Exercise aim: Print the entries underneath word for word, omitting whatever pictures they contain.

*** Recorded data ***

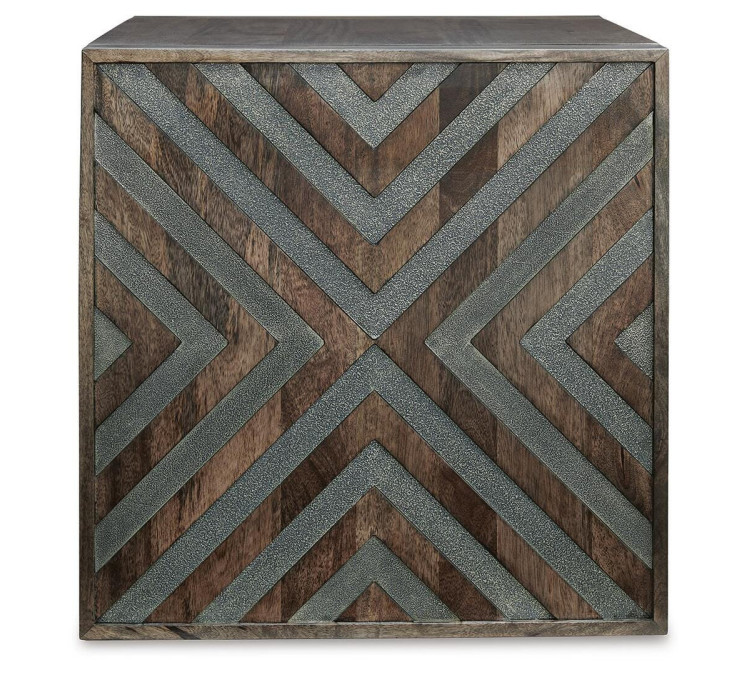 Dreggan End Table - Brown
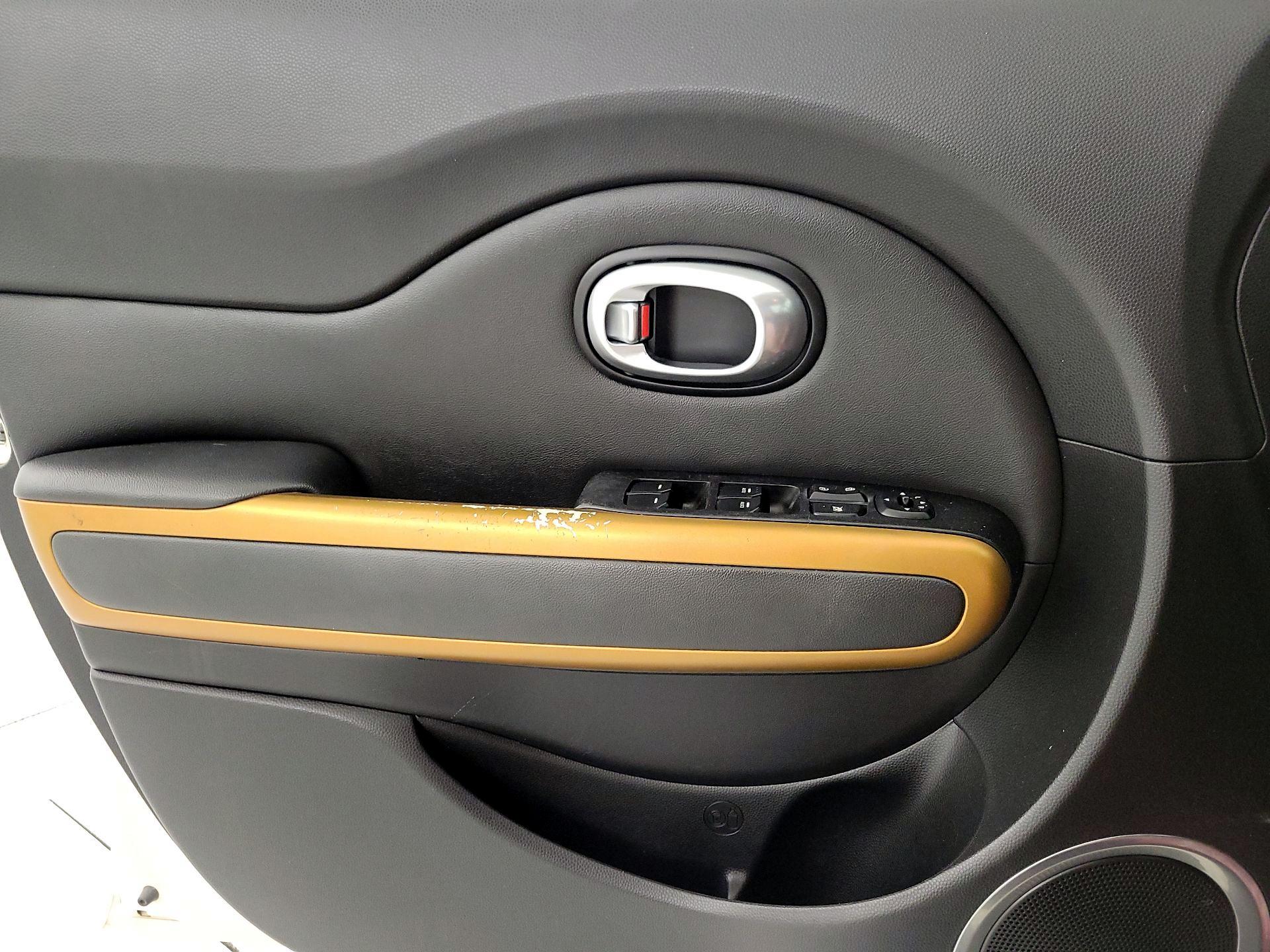 Thumbnail: 2015 Kia Soul - 12
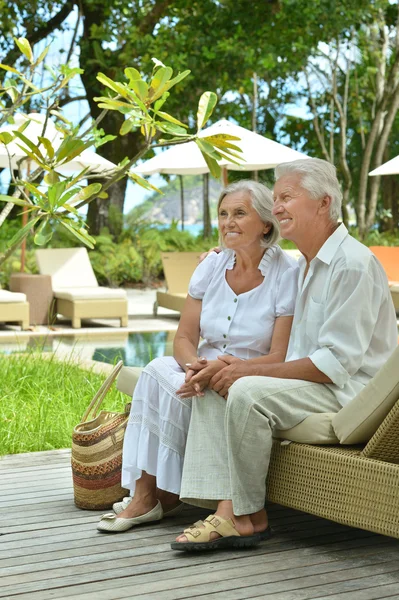 Seniorenpaar in der Nähe von Hotel-Resort — Stockfoto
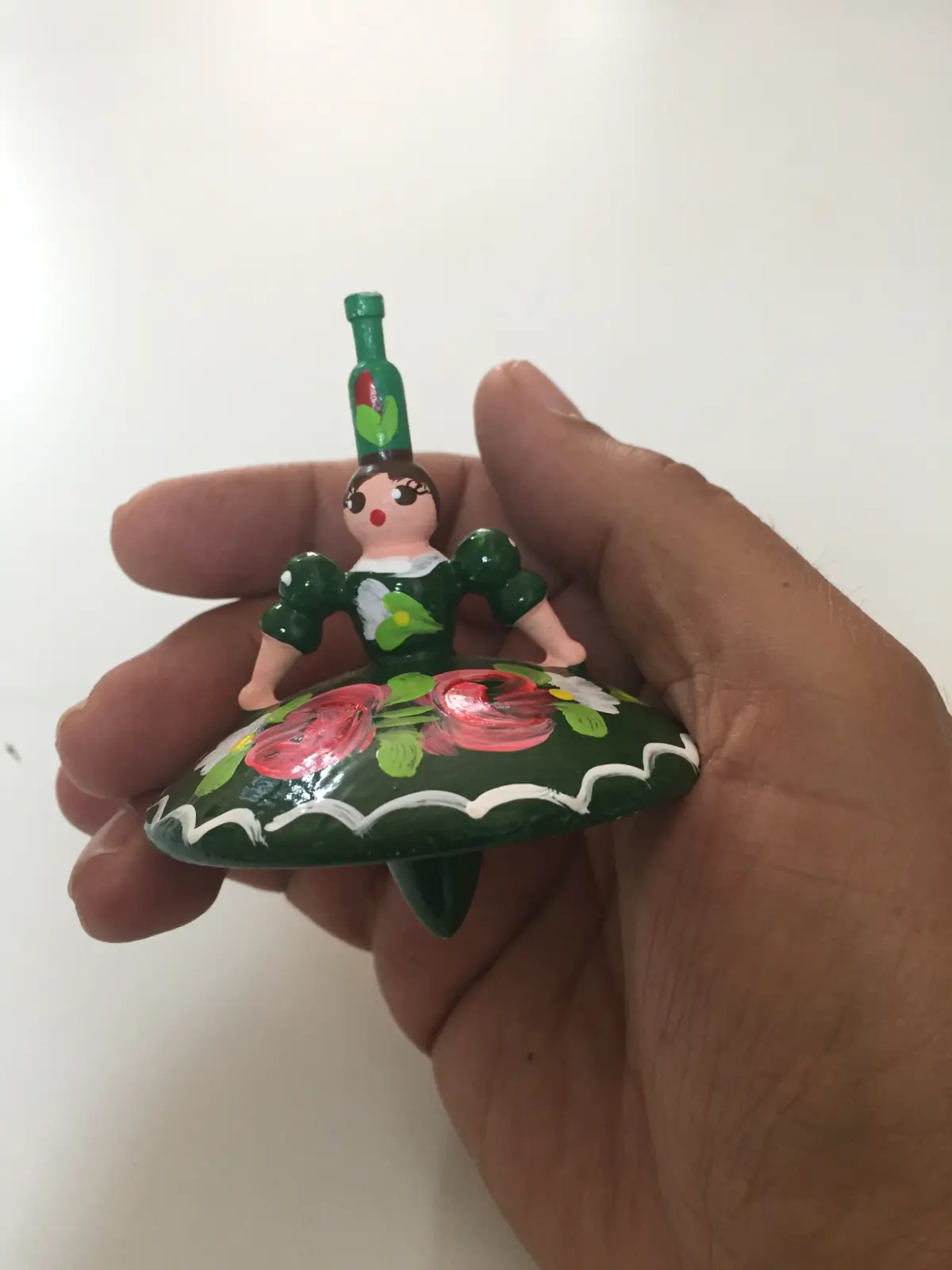 סביבון רקדנית עם שמלה ירוקה מהונגריה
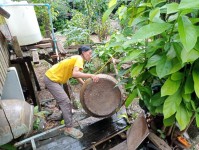 6 ก.ย. 67 เวลา 17.00 น. นางเสาร์แก้ว อ่วมพิทยา เจ้าพนักงานสาธารณสุข รพ.สต.บ้านสันป่าไร่ ร่วมกับอสม.ม.3 บ้านจบปิ และอบต.พระธาตุ ควบคุมโรคไข้เลือดออก รอบที่ 1 เคส R/O DF ดญ.วิพาวี ติ๊บตา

*** End of Recorded data ***

Solved problem:
 Dreggan End Table - Brown
 Thumbnail: 2015 Kia Soul - 12
 Seniorenpaar in der Nähe von Hotel-Resort — Stockfoto
 סביבון רקדנית עם שמלה ירוקה מהונגריה
 6 ก.ย. 67 เวลา 17.00 น. นางเสาร์แก้ว อ่วมพิทยา เจ้าพนักงานสาธารณสุข รพ.สต.บ้านสันป่าไร่ ร่วมกับอสม.ม.3 บ้านจบปิ และอบต.พระธาตุ ควบคุมโรคไข้เลือดออก รอบที่ 1 เคส R/O DF ดญ.วิพาวี ติ๊บตา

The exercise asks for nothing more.